“Any third-party application that impedes on the competitive integrity in “Overwatch” is not allowed,” wrote community manager Tom Powers on Blizzard’s forums. “For example, a third-party application that offers users information such as enemy position, enemy health, enemy ability usage, or Ultimate readiness creates an uneven playing field for every other player in the map.”
Beyond vision, though, we might also add Activision-Blizzard’s financial interests. In many ways, the company’s approach to policy for third parties is best understood as game-dependent, which is why we have lots of third-party tools for “World of Warcraft” and relatively few for “Overwatch.” But it’s hard to talk about “Overwatch” without also talking about Overwatch League, a multi-hundred-million-dollar experiment that was carefully designed to look and feel like a traditional sports league in order to entice traditional sports conglomerates.
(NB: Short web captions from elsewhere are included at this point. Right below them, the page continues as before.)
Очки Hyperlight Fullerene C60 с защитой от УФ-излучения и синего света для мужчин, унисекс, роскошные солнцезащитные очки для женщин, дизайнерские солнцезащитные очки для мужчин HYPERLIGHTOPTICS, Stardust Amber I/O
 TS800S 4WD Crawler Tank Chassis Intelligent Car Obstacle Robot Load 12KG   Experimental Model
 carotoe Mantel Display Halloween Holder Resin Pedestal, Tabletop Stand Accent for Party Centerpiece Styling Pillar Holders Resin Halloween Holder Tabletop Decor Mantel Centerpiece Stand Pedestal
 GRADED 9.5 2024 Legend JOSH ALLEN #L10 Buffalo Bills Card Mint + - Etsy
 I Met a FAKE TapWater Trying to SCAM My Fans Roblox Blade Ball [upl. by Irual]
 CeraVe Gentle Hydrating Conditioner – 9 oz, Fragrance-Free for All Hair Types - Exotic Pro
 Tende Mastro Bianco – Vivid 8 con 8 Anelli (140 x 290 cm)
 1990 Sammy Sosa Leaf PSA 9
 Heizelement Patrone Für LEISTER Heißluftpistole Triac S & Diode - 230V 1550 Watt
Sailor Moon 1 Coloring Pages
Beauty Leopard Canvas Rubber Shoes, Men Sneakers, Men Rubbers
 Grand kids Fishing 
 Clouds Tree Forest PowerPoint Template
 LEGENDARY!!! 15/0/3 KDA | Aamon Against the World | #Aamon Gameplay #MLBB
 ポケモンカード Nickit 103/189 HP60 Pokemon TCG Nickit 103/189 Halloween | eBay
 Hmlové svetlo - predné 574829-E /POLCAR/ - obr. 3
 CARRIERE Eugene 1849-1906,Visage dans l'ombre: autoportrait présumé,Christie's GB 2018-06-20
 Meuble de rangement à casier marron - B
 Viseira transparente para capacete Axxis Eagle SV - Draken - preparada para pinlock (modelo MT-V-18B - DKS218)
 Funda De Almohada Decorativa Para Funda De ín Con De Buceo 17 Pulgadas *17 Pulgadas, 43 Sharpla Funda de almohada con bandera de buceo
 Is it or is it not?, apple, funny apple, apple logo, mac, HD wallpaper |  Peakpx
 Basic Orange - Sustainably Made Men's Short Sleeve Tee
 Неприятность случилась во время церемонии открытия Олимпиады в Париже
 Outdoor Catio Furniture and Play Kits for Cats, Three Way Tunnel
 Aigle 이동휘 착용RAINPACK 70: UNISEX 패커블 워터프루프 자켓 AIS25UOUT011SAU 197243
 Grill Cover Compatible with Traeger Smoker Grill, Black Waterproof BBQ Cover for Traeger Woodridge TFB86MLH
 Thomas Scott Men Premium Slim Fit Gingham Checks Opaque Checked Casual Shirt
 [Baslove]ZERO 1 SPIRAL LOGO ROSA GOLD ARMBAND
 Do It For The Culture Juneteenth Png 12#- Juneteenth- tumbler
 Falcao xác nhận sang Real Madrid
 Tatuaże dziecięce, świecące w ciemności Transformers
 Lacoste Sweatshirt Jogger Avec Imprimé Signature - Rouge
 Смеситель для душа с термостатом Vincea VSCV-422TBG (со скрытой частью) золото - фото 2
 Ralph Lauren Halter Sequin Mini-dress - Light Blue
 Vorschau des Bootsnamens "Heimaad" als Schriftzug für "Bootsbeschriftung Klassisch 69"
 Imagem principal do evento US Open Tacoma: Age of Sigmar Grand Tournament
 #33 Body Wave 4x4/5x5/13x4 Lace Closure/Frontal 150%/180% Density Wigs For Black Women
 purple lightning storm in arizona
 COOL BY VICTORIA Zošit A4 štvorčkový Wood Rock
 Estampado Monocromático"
From this perspective, one way of thinking about Blizzard’s choice to shut Visor and Pursuit down, squandering millions of dollars of seed capital in the process, is as a kind of “correction” to one of the history of sports’ biggest missed opportunities. The sports industry couldn’t manage to hold on to data about their games, and two huge secondary markets – sports analytics and fantasy sports – popped up under their noses, but just out of their reach. Overwatch League is a chance to set the record straight. Blizzard’s rhetoric about third-party apps, in other words, smuggles a material goal (the expansion of markets) within an altruistic one (competitive integrity).